EXERCISE DESCRIPTION: Copy the lines below exactly, starting at the one with "An 80/20 athlete" and ending at the one with "a winged cherub", and leave out any picture.

RECORDS FOR THIS TASK:
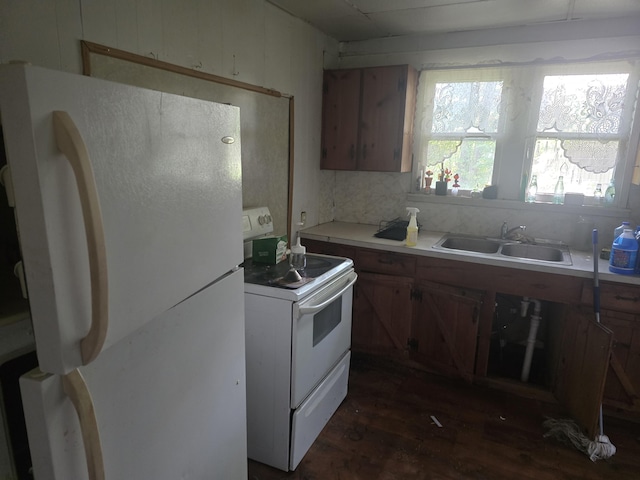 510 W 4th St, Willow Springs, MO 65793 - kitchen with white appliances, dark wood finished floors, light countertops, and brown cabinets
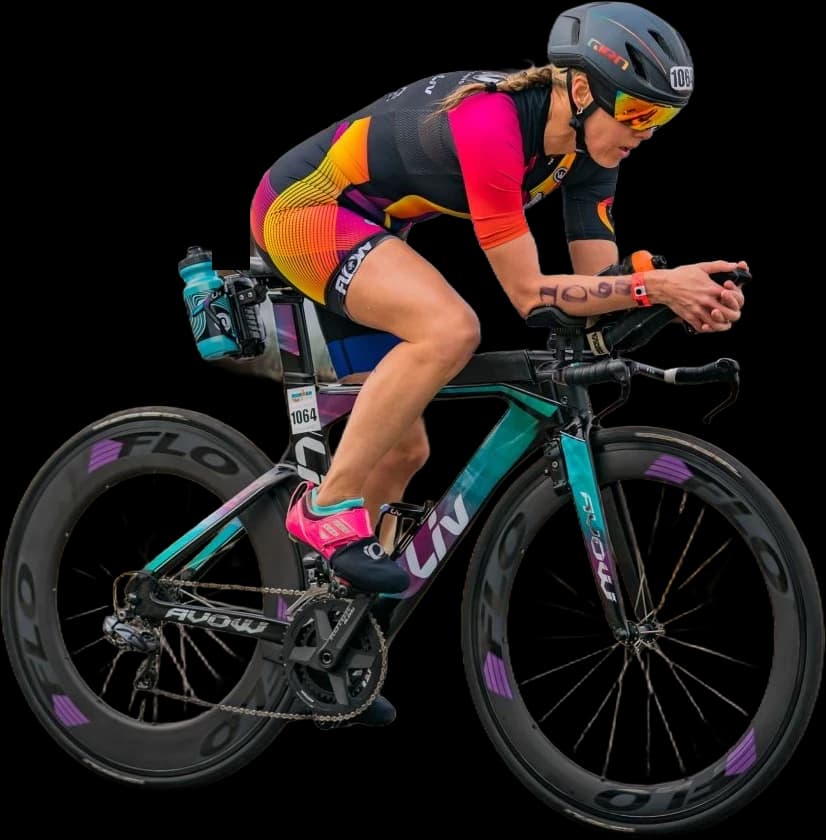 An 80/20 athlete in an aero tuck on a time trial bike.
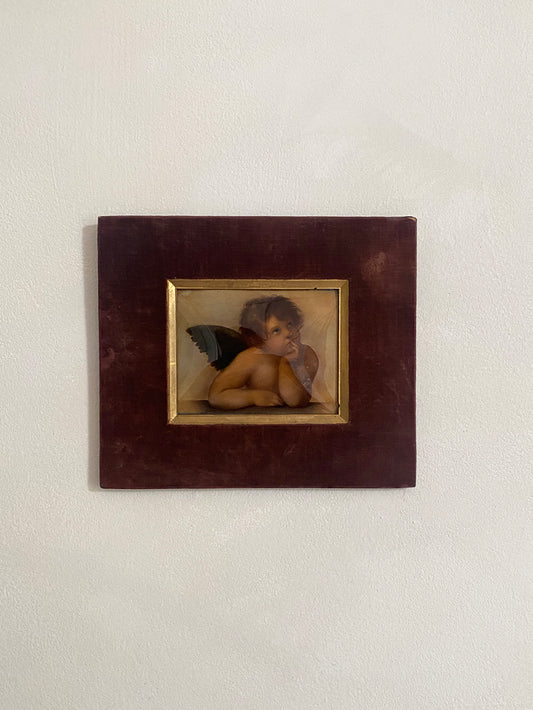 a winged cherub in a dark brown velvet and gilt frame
* * *
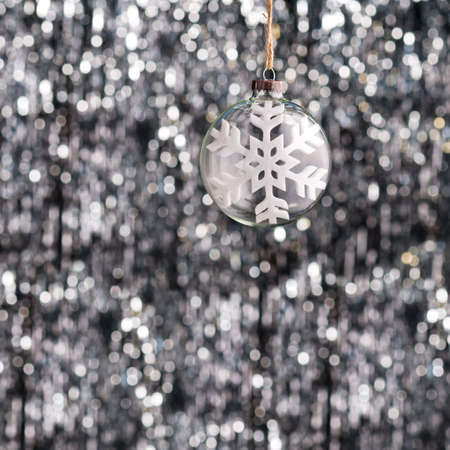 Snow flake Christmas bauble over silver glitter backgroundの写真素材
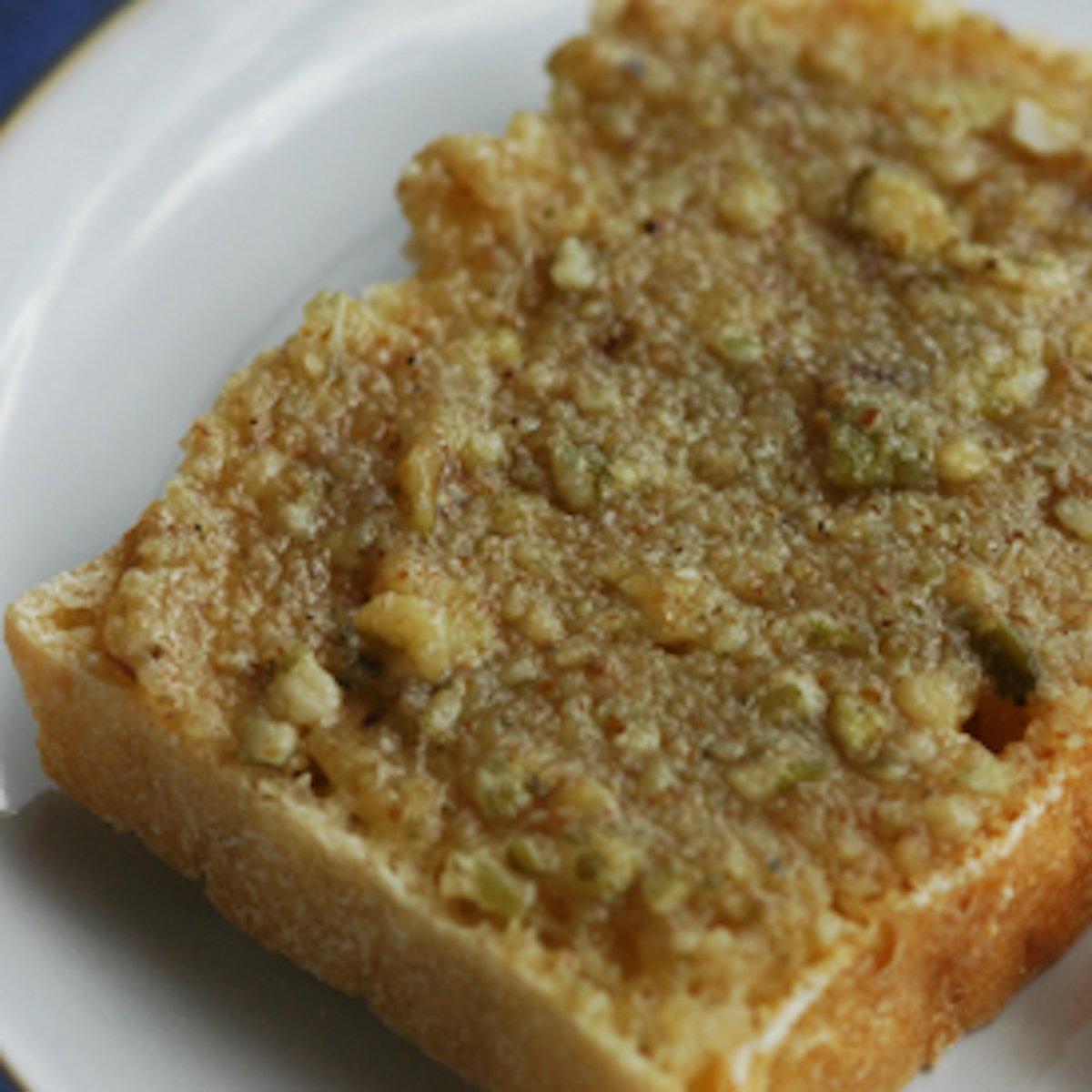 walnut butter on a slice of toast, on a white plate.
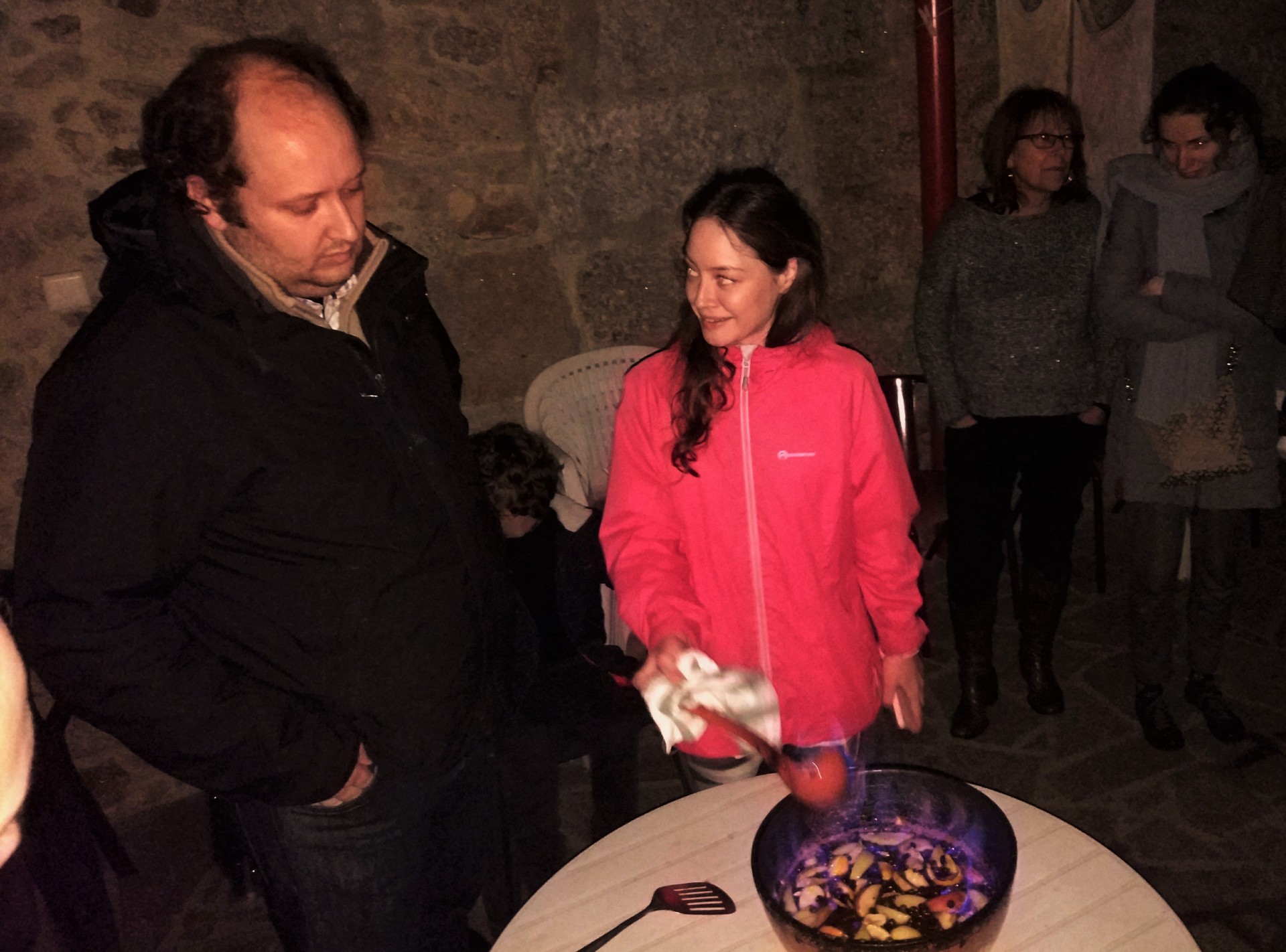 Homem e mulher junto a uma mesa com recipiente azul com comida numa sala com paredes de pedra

RESPONSE BOX:
 An 80/20 athlete in an aero tuck on a time trial bike.
 a winged cherub in a dark brown velvet and gilt frame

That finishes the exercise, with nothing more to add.